# Background Image



## y2s82 (Dec 24, 2010)

For some time, I've been trying to find a background image for the desktop that's related to FreeBSD.  There are definitely good ones out there, but i just kept getting the feeling that the whole collection seemed bit lacking, deserving more for such a superb contender in the OS world.  
Well, one day I got bored and desperate enough to make one.  I'm far from artistic, horribly awkward-looking stick men being my best piece, so of course it didn't come out right, but I don't mind it and have decided to share in case someone takes fancy on it   What's more, I'd hope there are others like me out there who just wanted to make another wallpaper.  If you have, or know someone who have, please post yours here, too.  If I'm at all lucky, perhaps we'll get a whole fresh batch of background images for others to stare at   In the mean time, here's mine 

here


----------



## graudeejs (Dec 24, 2010)

Nice (I think red color might look better)
Here's my 2 cents:
http://files.bsdroot.lv/my/FreeBSD/Artwork/wallpapers/

btw, have you seen this thread:
http://forums.freebsd.org/showthread.php?t=403&highlight=artwork
?
Some nice links there

EDIT:
Just noticed, that on my server all wallpapers are same size for some reason. (hmm, i wonder how did that happen)
I will upload correct wallpapers in few minutes.


----------



## rbelk (Dec 24, 2010)

Y2s82, I try to keep up with FreeBSD wallpapers and put them on my Wallpaper Site.
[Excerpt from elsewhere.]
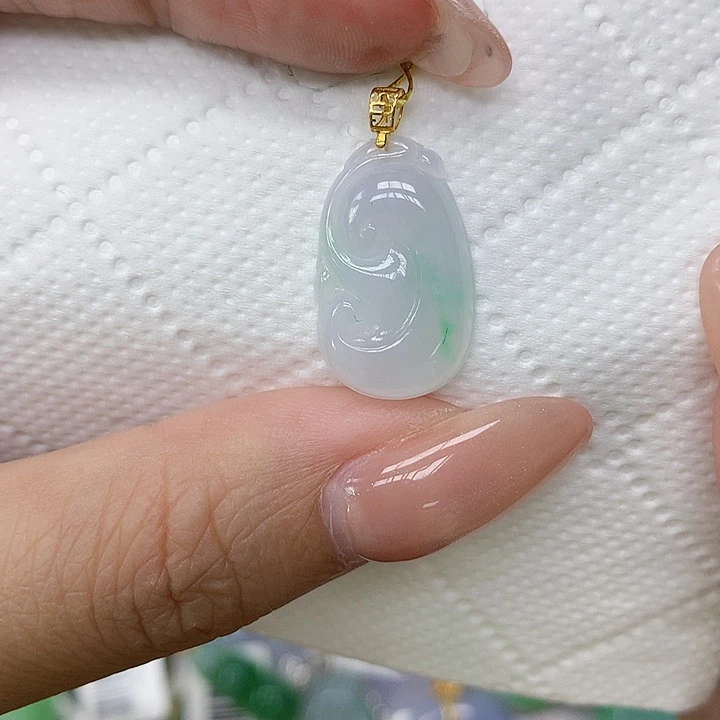 颈饰18K金镶嵌翡翠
I hope you find some that you like.


----------



## ckester (Dec 24, 2010)

rbelk,

Dunno if it's good enough for your collection, but here's my wallpaper:





A simple gradient fill with the FreeBSD logo superimposed.  I tried to get the gradient to correspond to the highlighting on the daemon.  A lot of wallpapers don't pay attention to the implied light source, and I think it ruins the effect.

Unlike most people it seems, I like light backgrounds.  I also like the way the khaki or bamboo-ish greenish-yellow brings out the red of the stylized daemon.  
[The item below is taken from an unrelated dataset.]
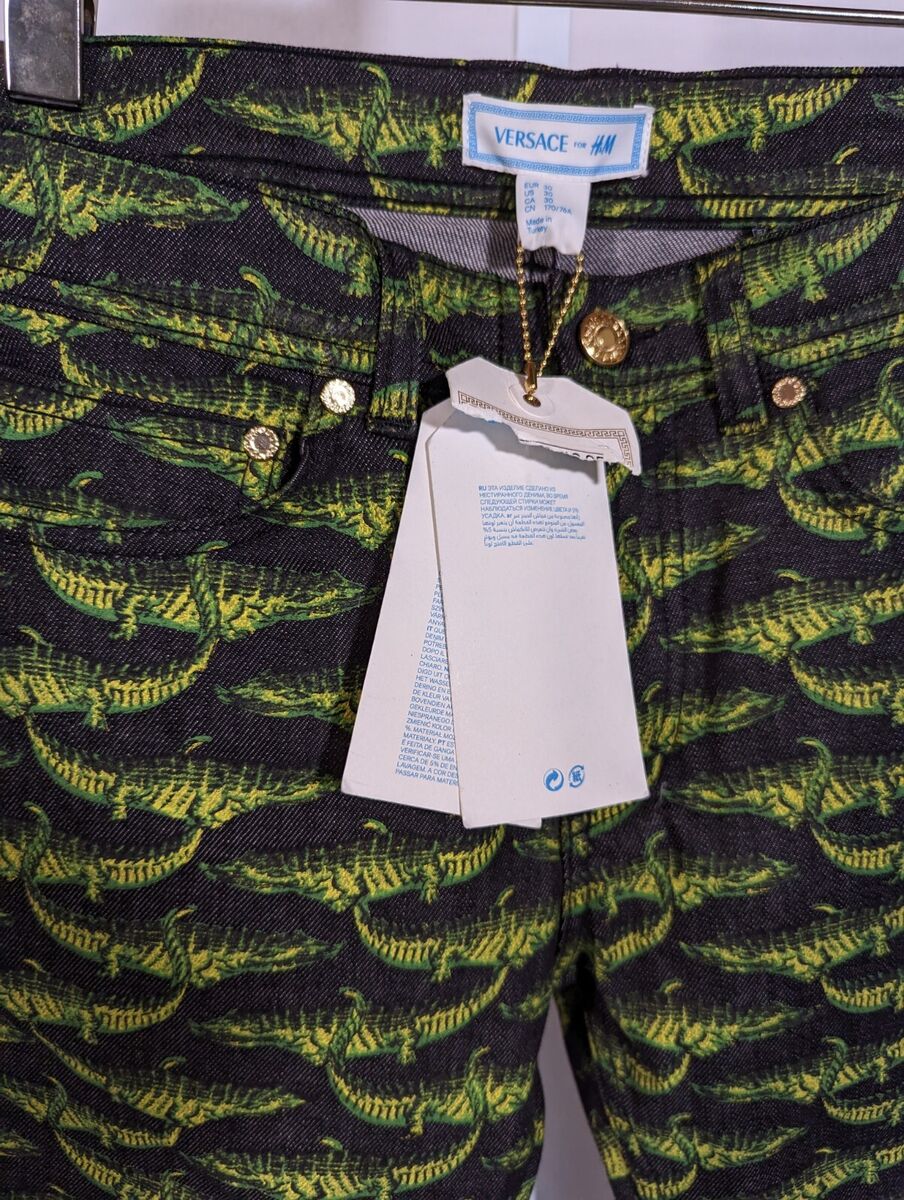 Versace x HM FW 2011 Runway Crocodile Animal Allover Print Versace x HM FW 2011 Runway Crocodile Animal Allover Print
But as they say, there's no sense in arguing about taste.


----------



## rbelk (Dec 24, 2010)

ckester said:
			
		

> rbelk,
> 
> Dunno if it's good enough for your collection, but here's my wallpaper:
> 
> ...



Thanks Ckester, it has been uploaded. Anyone can subscribe to the RSS feed on the right side of the web page page and receive updates when I upload new Wallpapers.


----------



## y2s82 (Dec 25, 2010)

This IS Chrstimas!   Thanks a bunch guys.
Thanks for showing me the links to the previous posts.  Some I've seen before, but some were new 
It's great to see that our beloved OS is getting some attention   I feel like going and making some more hmmm   Maybe in red, like killasmurf86 suggested


----------